> That will just raise the market price, scalpers will keep scalping and overall sales will decline.
This is not true. Market price will not go up arbitrarily. Scalpers will not keep scalping if the retail price is greater than what they can sell it for, which will happen at some point.
> This is not true. Market price will not go up arbitrarily. Scalpers will not keep scalping if the retail price is greater than what they can sell it for, which will happen at some point.
How are you using such confident language on what the scalpers in this space will or will not do base on ... what looks like Econ 101 supply / demand curves? Do you have some expertise you're not including as context here?
Yeah this a fair point, I’m coming off way too confident on a complicated topic. I’d revise my comment to say:
I think this is not true, which can be seen if you make 2 basic assumptions: 1. Scalpers want to make money and 2. There is a max price people are willing to pay for shoes.

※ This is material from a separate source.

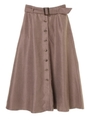 ・ELENCARE DUEベルト付フロントボタンスカート/モカ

Then there will be some price Nike can set which will cause scalpers to leave the market.
Why do you think sales will decline? The difference is who makes the profit. If Nike increases prices then profit shifts from the scalpers to Nike. The same number of shoes are sold for the same market prices.
Scalpers destroy markets by injecting excess capital in the marker and creating a false price floor. The issue with scalpers is they quite often get left holding the bag, and/or hold the product for a long period of time lessening the actual demand or excitement about the product in the first place.
From what I've seen they tend to move away from markets where there's not room to make a profit, eg no arbitrage. The gp is suggesting to find that price... Or make more.
I’m not sure what you’re talking about. In this case they’re not destroying anything, they’re simply performing arbitrage because of price inefficiency.